Lorsque le chauffeur de taxi est arrivé, quelque 25 minutes plus tard, au lieu de réveiller son client et de le reconduire chez lui, il a appelé la police. M. Boudreault a alors été arrêté pour avoir eu la garde et le contrôle d'un véhicule alors qu'il était ivre.

M. Boudreault a été accusé de conduite avec facultés affaiblies et de conduite avec une alcoolémie supérieure à 0,08.

Il a été acquitté après son procès. Le juge a considéré qu'il n'y avait eu aucun risque qu'il mette le véhicule en marche. L'accusé avait un plan pour ne pas conduire et ce plan aurait fonctionné.

La Cour d'appel du Québec avait par la suite cassé cette décision: selon elle, il y avait un risque que M. Boudreault conduise, car il aurait pu se réveiller à tout moment et, puisqu'il était ivre, aurait pu démarrer le véhicule. La Cour a donc déclaré M. Boudreault coupable sous les deux chefs d'accusation. Il risquait une peine maximale de cinq ans.

La situation est particulière, écrit le juge Morris Fish, de la Cour suprême.

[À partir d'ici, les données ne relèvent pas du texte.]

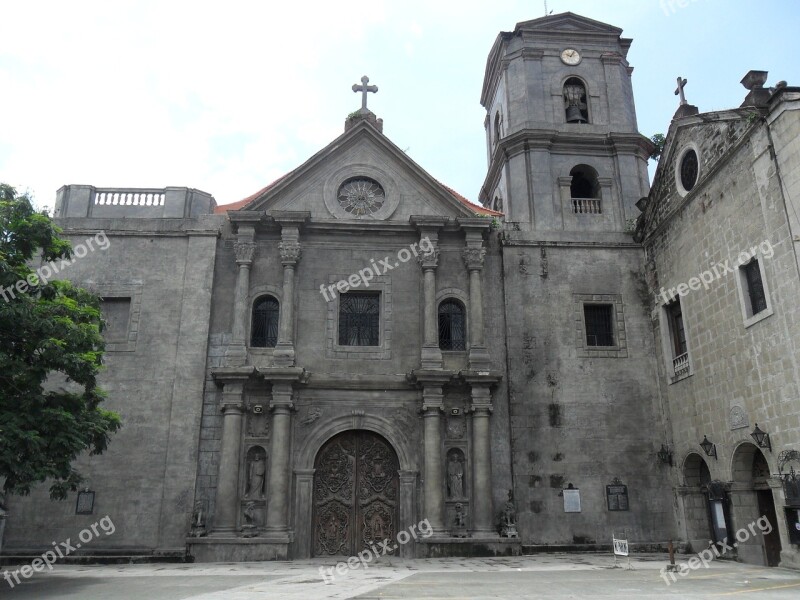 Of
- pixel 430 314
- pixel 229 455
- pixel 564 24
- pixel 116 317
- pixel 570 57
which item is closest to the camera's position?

«Je le répète, toute personne qui était ivre et qui occupait la place du conducteur d'un véhicule qu'elle pouvait, dans les faits, mettre en mouvement sera déclarée coupable - et devrait l'être - dans presque tous les cas.»

Mais la condamnation n'est toutefois pas automatique, précise-t-il. «En pratique, pour éviter d'être déclaré coupable, l'accusé devra faire face, sur le plan tactique, à la nécessité de présenter des éléments de preuve tendant à prouver que ce risque intrinsèque de danger n'était pas réaliste dans les circonstances particulières de l'affaire.»

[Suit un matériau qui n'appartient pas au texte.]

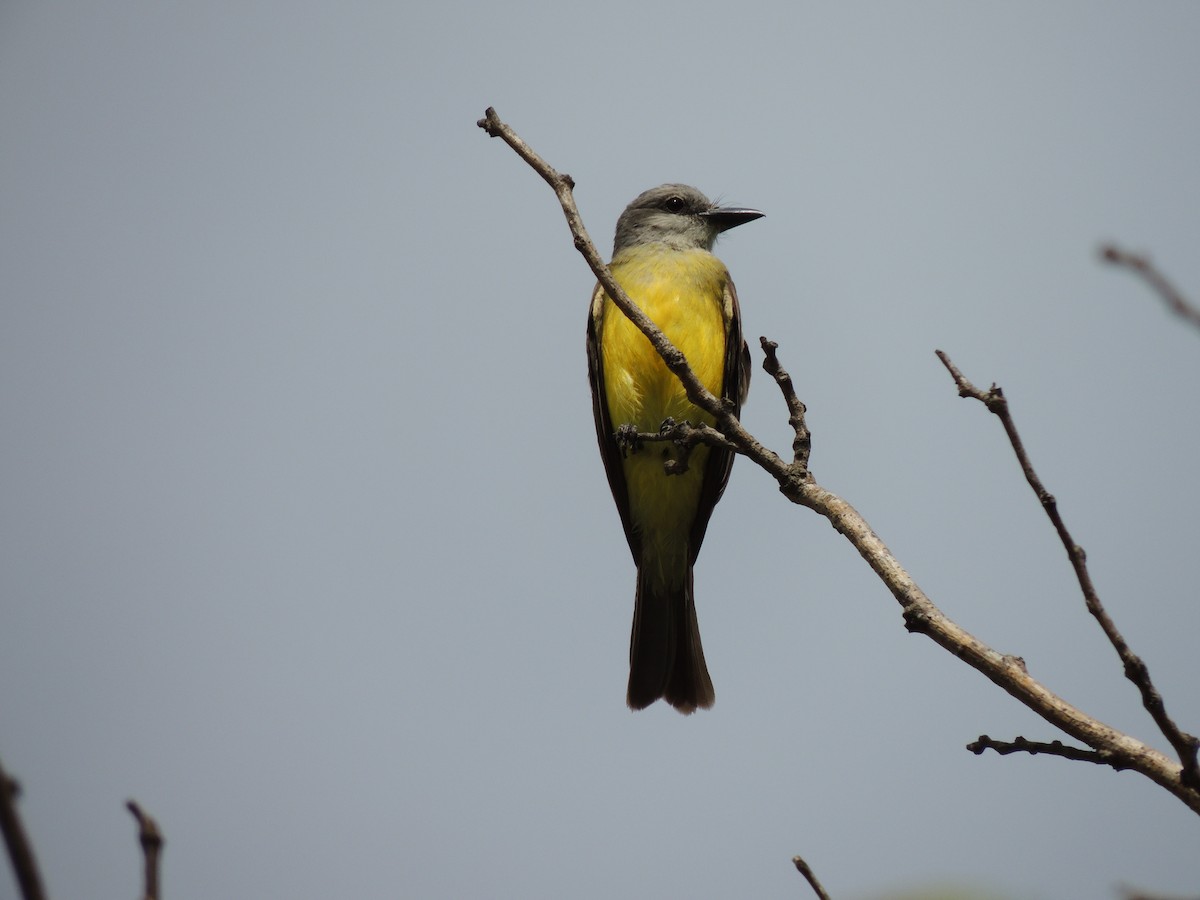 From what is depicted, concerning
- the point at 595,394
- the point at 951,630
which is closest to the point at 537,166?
the point at 951,630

Après avoir précisé que, même après avoir appelé un taxi, une personne peut changer d'avis et démarrer le véhicule, la Cour a indiqué qu'il appartient au juge du procès de déterminer si une personne risquait ou non, d'une manière réaliste, de conduire à un moment donné. Or, le juge du procès est arrivé à la conclusion que M. Boudreault ne risquait pas de conduire son véhicule en état d'ébriété, et la Cour suprême souligne que cette conclusion n'est pas sujette à révision en appel.